:: REQUIRED ACTION ::
Look below for the line that contains "That creates the", then quote it and all the lines after it, exactly, with the pictures left out.

:: GIVEN ENTRIES ::
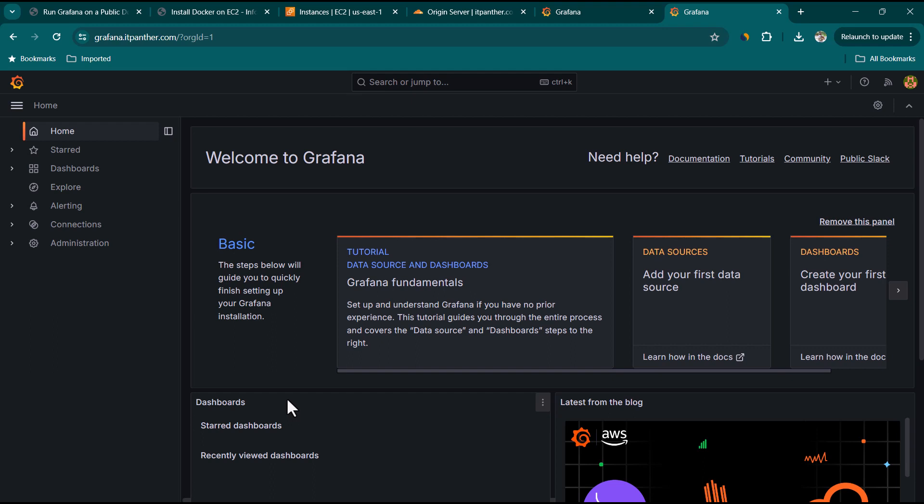Grafana loads successfully at grafana.itpanther.com. Log in with the default credentials: username 'admin' and password 'admin'. Everything works — we can access Grafana over a public domain. That's all for this lesson. If you have any comments, leave them below. Like the video if it helped, and see you in the next lesson.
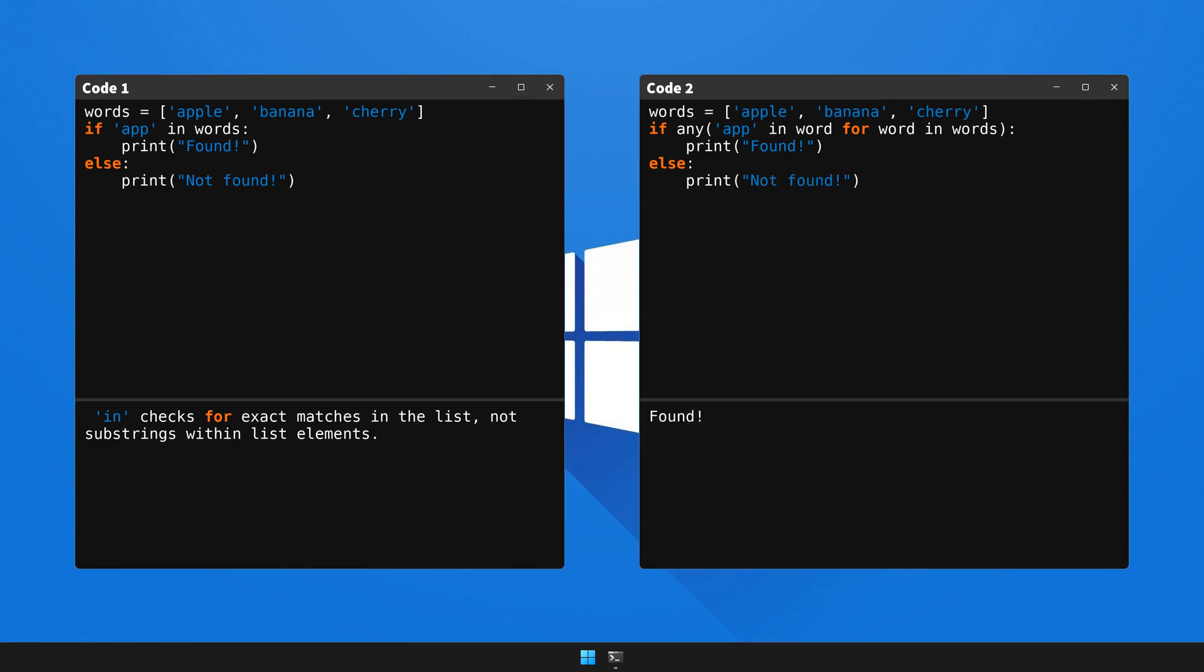And there you have it, the code executes flawlessly and our output matches our expectations. No more error, that's the end of today's lesson.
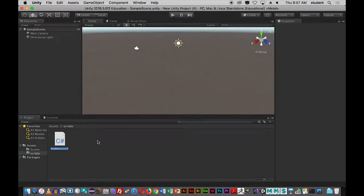That creates the script. You'll notice it says 'New Behavior Script' — you should rename that to reflect what you're trying to do. So I'll name this Hello World.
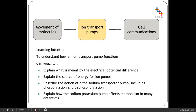So you should be able to explain what is meant by the electrical potential difference, explain where the source of energy for ion pumps comes from, describe the stages in the sodium transporter pump including phosphorylation and dephosphorylation, and explain how the sodium-potassium pump can affect the metabolism in different organisms.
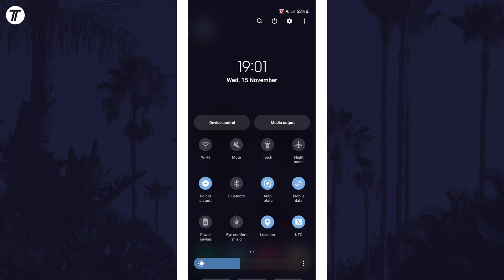On here look for the icon called auto-rotate and first make sure this is on by tapping on the icon. It should be colored when on.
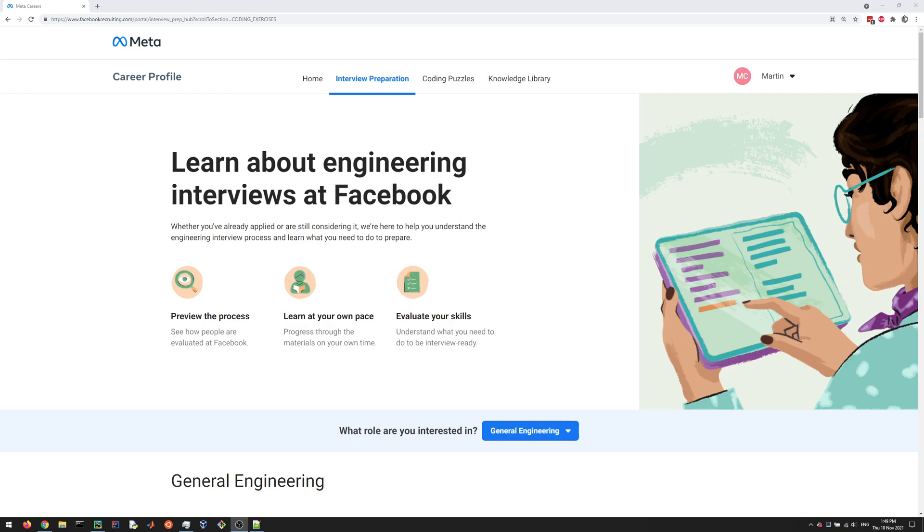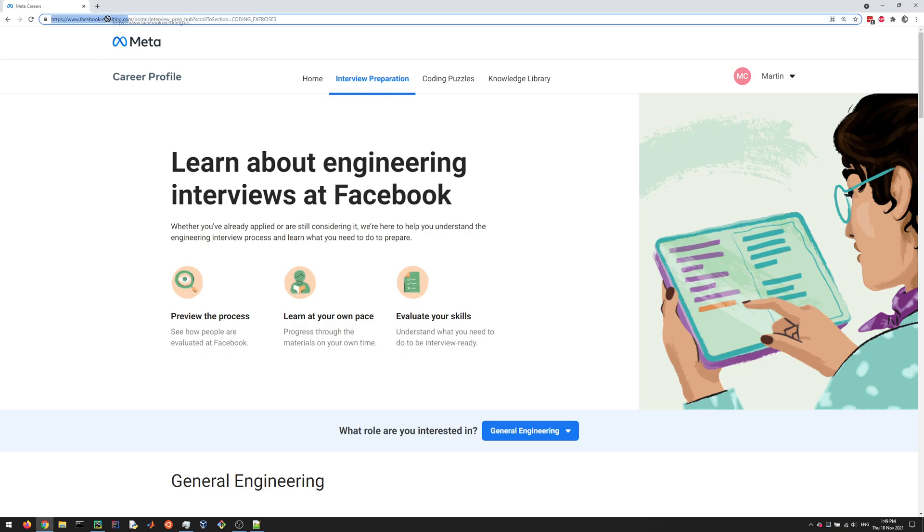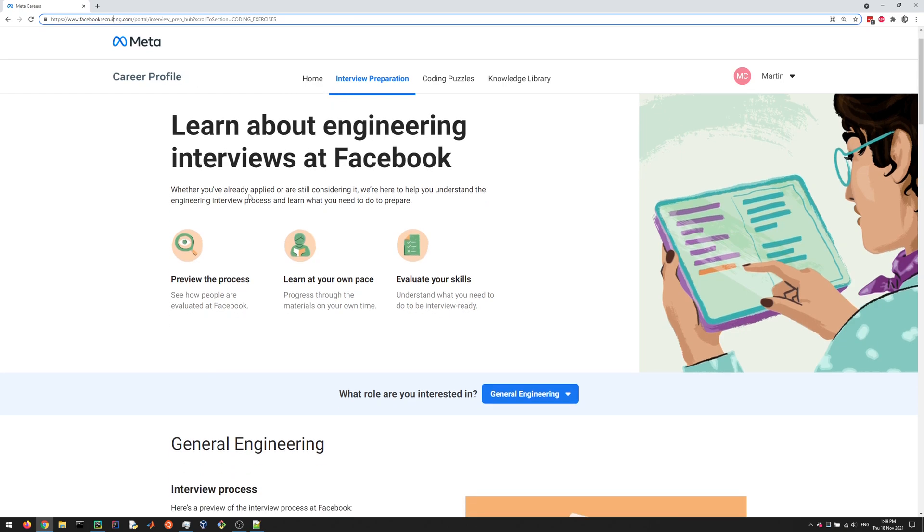Hey everyone! In this video series, I want to go through the interview preparation programming questions on the Facebookrecruiting.com website. You do need to create an account and log in to be able to get access to these.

:: EXERCISE RESULT ::
That creates the script. You'll notice it says 'New Behavior Script' — you should rename that to reflect what you're trying to do. So I'll name this Hello World.
So you should be able to explain what is meant by the electrical potential difference, explain where the source of energy for ion pumps comes from, describe the stages in the sodium transporter pump including phosphorylation and dephosphorylation, and explain how the sodium-potassium pump can affect the metabolism in different organisms.
On here look for the icon called auto-rotate and first make sure this is on by tapping on the icon. It should be colored when on.
Hey everyone! In this video series, I want to go through the interview preparation programming questions on the Facebookrecruiting.com website. You do need to create an account and log in to be able to get access to these.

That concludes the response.